Appendix E | Audit log schema
One custom event per tool call.
Application Insights is the store. Kusto is the query surface. The settings page reads from the same workspace.
Every tool call in the agent pipeline emits one custom event to the concierge Application Insights workspace. Events carry a correlation ID so all tool calls for one inbound conversation thread under the same trace. The user-facing audit view runs a Kusto query against the same workspace; there is no separate audit table.
event_name
string
Tool call name (e.g. classify_conversation, stage_draft). Always present.
correlation_id
string
UUID issued at the webhook arrival step. All tool calls for one inbound message share the same correlation ID.
tenant_id
string
Tenant identifier from the signed-in user context.
user_upn
string
User principal name of the signed-in user. Audit view filters on this field.
conversation_id
string
Graph message ID or chat ID for the inbound item under triage.
category
string | null
One of Critical, Urgent, Important, Normal, FYI, Noise. Null for events that run before classification.
confidence
float | null
0 to 1. Present on classify_conversation events and on any downstream event that consumed the score.
reason
string
One-line model-generated reason. Shown in the user audit view.
action_decision
string
stage_draft, auto_send, mark_read, archive, no_action, blocked. Logged by the rule engine.
action_path
string
How the decision was reached: category_toggle, sender_override, confidence_floor, lint_block, or preflight_cancel.
revocable
bool
True if the user can revoke the action from the audit view. False for actions the agent cannot undo (e.g. sends delivered to external recipients).
draft_hash
string | null
SHA-256 of the draft body. Lets the audit view detect drafts the user manually edited before sending.
latency_ms
int
Elapsed time for the tool call, in milliseconds. Populates the performance dashboard.
error_code
string | null
Populated on failure paths only. See the full error taxonomy in rule_engine.py.
ts_utc
datetime
Event timestamp in UTC. Audit view converts to the user's timezone from mailbox settings.

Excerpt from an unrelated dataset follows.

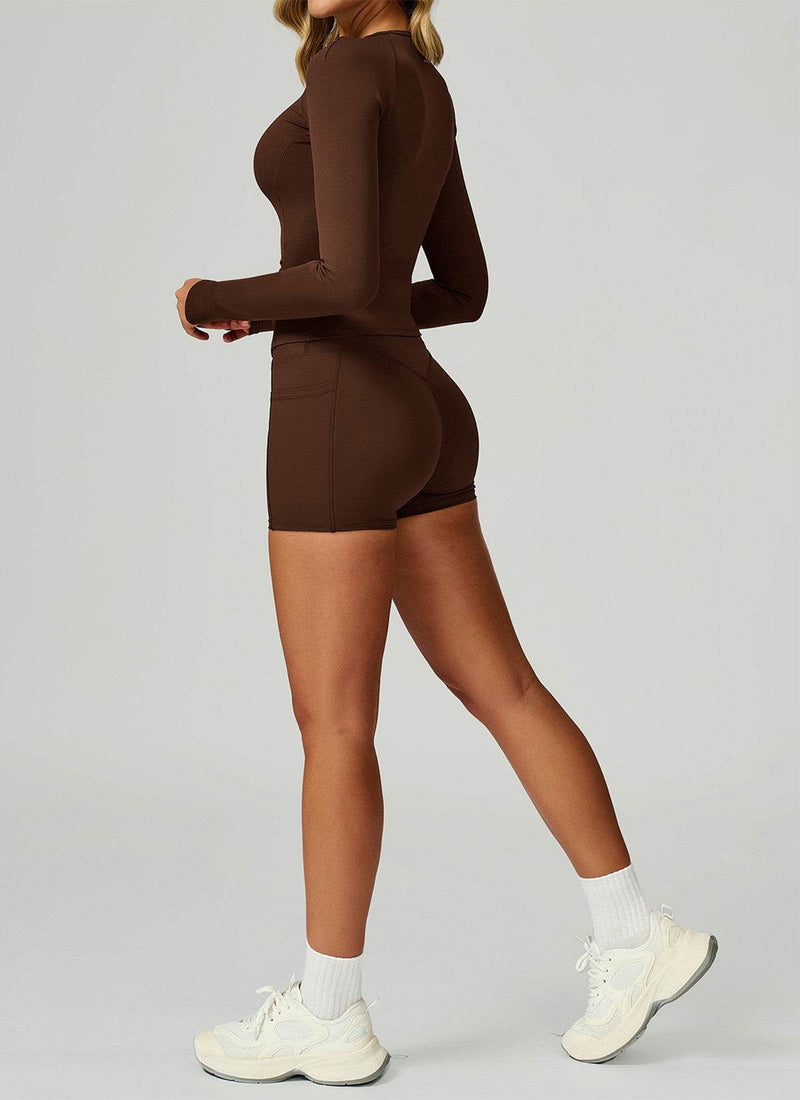 Sport Set with Long Sleeve Crew Neck T-Shirt and Short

Sample Kusto | recent actions for one user
customEvents
| where name in ("stage_draft", "send_reply", "archive")
| where customDimensions.user_upn == "jane.doe@contoso.example"

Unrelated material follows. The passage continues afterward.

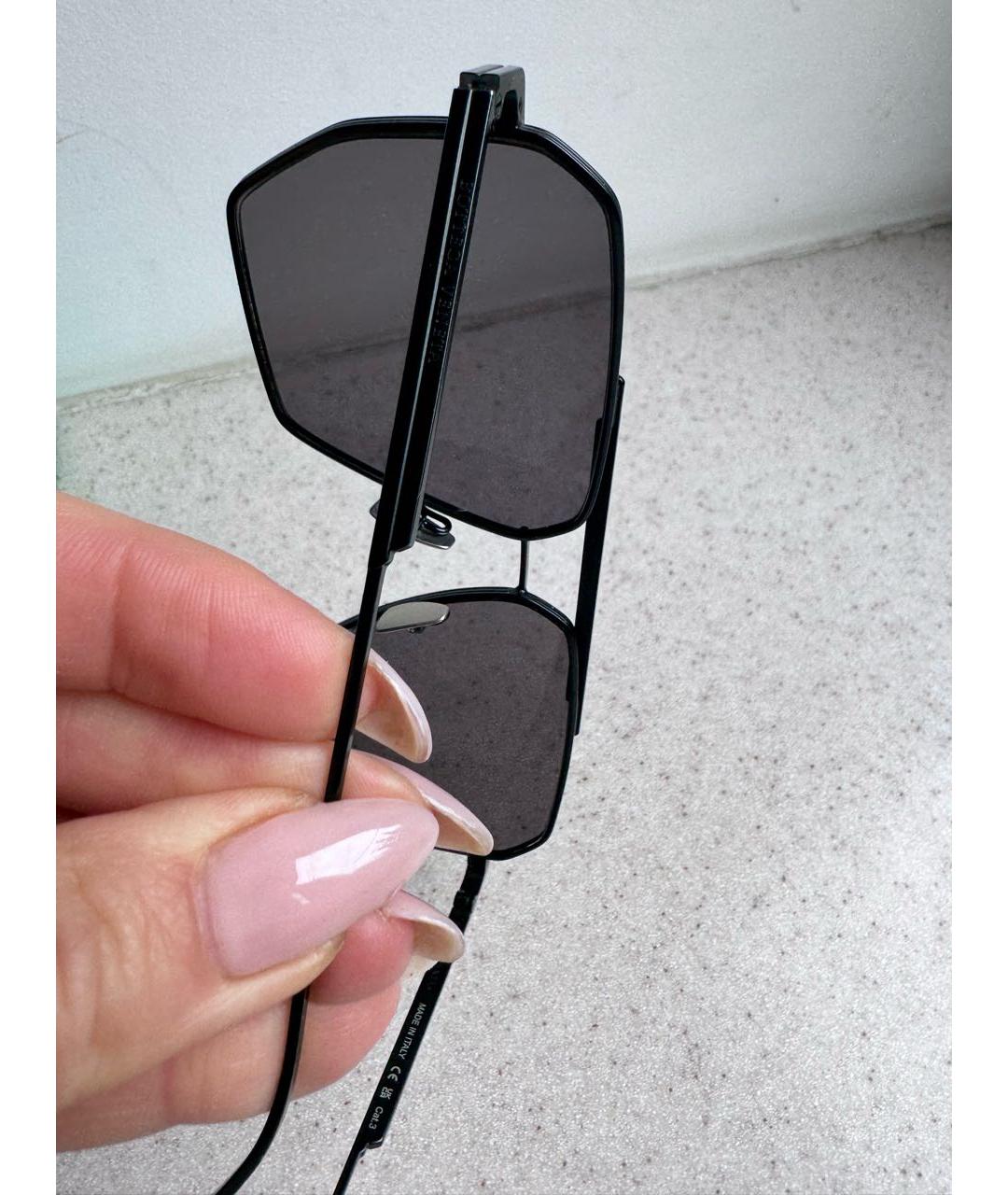 BOTTEGA VENETA Черные металлические солнцезащитные очки, фото 4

| where timestamp > ago(24h)
| project
ts = timestamp,
event = name,
category = customDimensions.category,
conf = customDimensions.confidence,
path = customDimensions.action_path,
rev = customDimensions.revocable,
reason = customDimensions.reason
| order by ts desc
Appendix F | Classification prompt structure
The template behind classify_conversation.
One system prompt, one user prompt, one strict JSON response format.
The classification call to Claude follows a fixed template. The system prompt pins the six categories, their definitions, and the output format. The user prompt packs the conversation context, calendar adjacency, and sender rules. The model returns strict JSON only. Any non-JSON response is a hard error and the conversation falls back to a manual-review category with the user notified.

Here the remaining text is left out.